Bugün Mısır, yarın Tunus ve Fas gibi görünse de ve bu darbe operasyonu sadece Mısır’a değil, hem bölgeye hem de tüm İslam dünyasına yapıldığının izlerini taşısa da İhvan’ın tüm ümmet adına direnişi gerçek Ortadoğu intifadalarının asıl bundan sonra başlayacağına dair işaretleri ortaya koymakta. Batı’nın tüm ilkelerinin iflas ettiği; putlarının maskelerinin büyük bir hızla düştüğü; Sisi gibi maşalarının maya tutmadığı; Siyonistlerle dostlarının (İsrail, ABD ve AB) ve yerli işbirlikçilerinin (Suud ve Körfez ülkeleri) planlarının artık halklar nezdinde püskürtüldüğü bu süreçte, Mısır’ın onurlu direnişi herkese, tüm İslam dünyasına güç katıyor, azim aşılıyor, irade bahşediyor. Mısır düşerse hepimizin karanlığa boğulacağı endişelerinden, Allah'ın izniyle muzaffer olursa, İslam dünyasının yepyeni bir evreye gireceği günlerin müjdelerine gark ediyor. Şehitlerimiz var ama tüm yerel ve küresel zalimler şaşkın.
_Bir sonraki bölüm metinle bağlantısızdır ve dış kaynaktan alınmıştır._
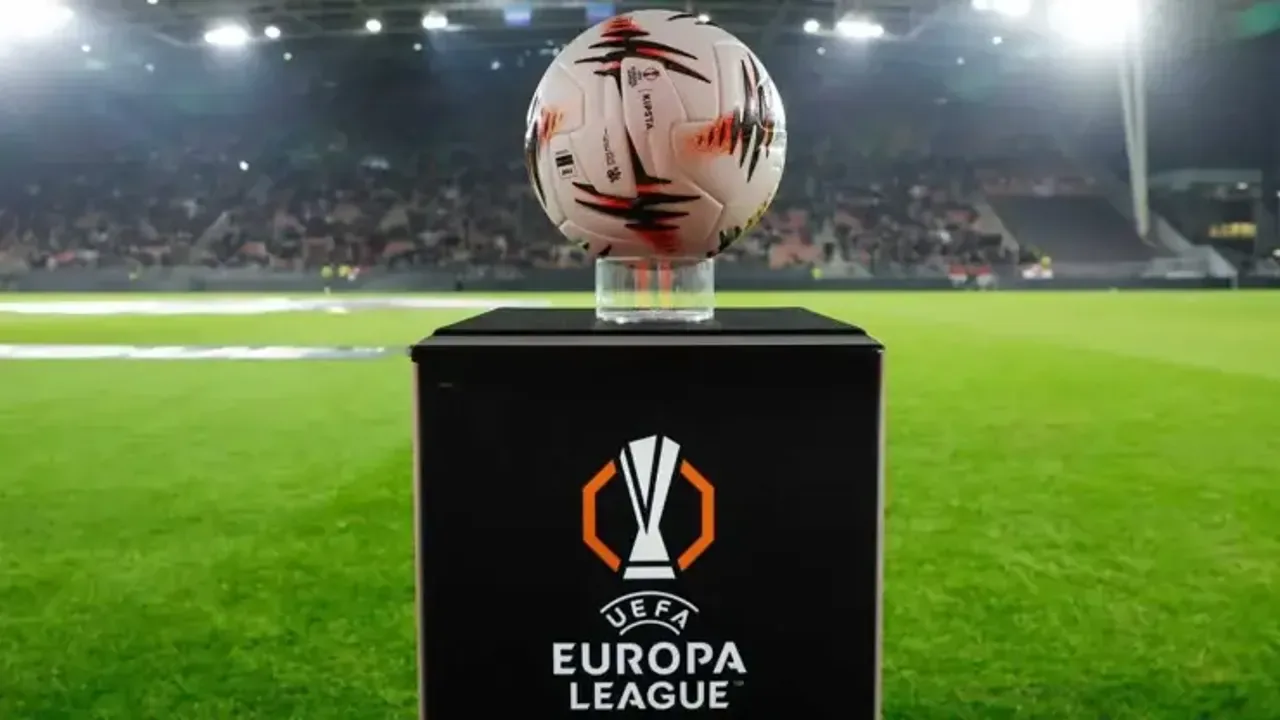 Avrupa Ligi'nde 2. Tur Takımları Netleşti: Karabağ ve Dinamo Kiev Tur Atladı Avrupa Ligi'nde 2. Tur Takımları Netleşti: Karabağ ve Dinamo Kiev Tur Atladı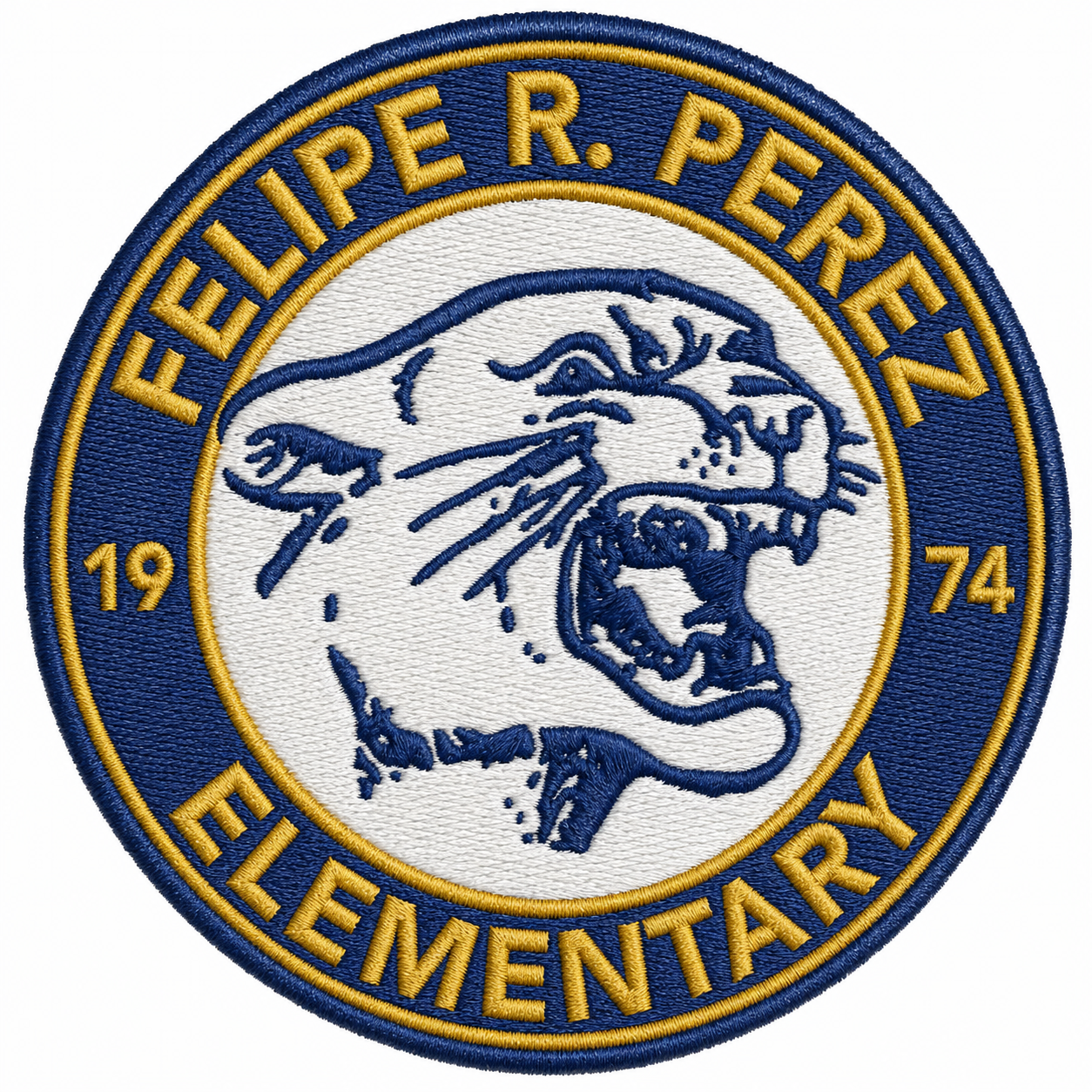 Felipe R. Perez Elementary School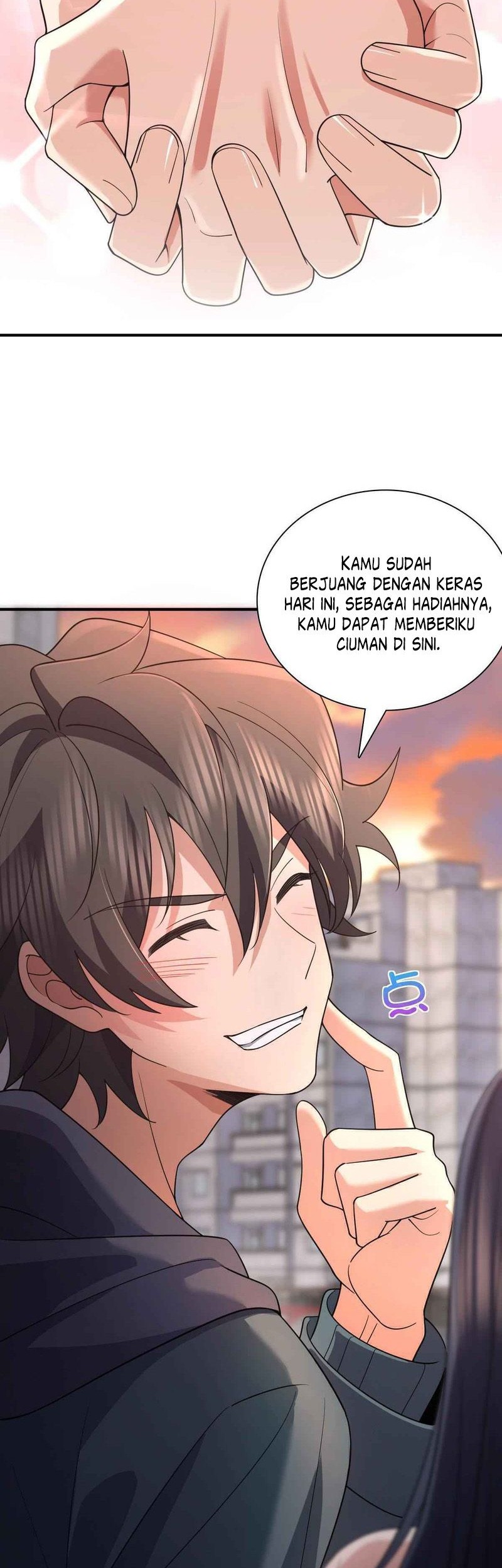 My Wife Is From a Thousand Years Ago Chapter 93 Gambar 30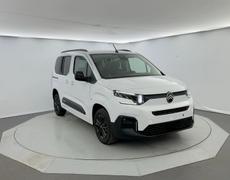 Citroen Berlingo - M BlueHDi 130 EAT8 Plus N1 Pas de malus - 26 990 €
Bu azim sahibi direniş karşısında hiçbir gücün duramayacağı o kadar açık ve net ki. Bu tablo, kazandığımızın ve kazanacaklarımızın resmidir. Nasıl kazanmamız gerektiğinin de. Ve küresel darbelere karşı, küresel intifadanın da ne kadar gerekli olduğunun ispatıdır. İnşallah o günler de yakındır!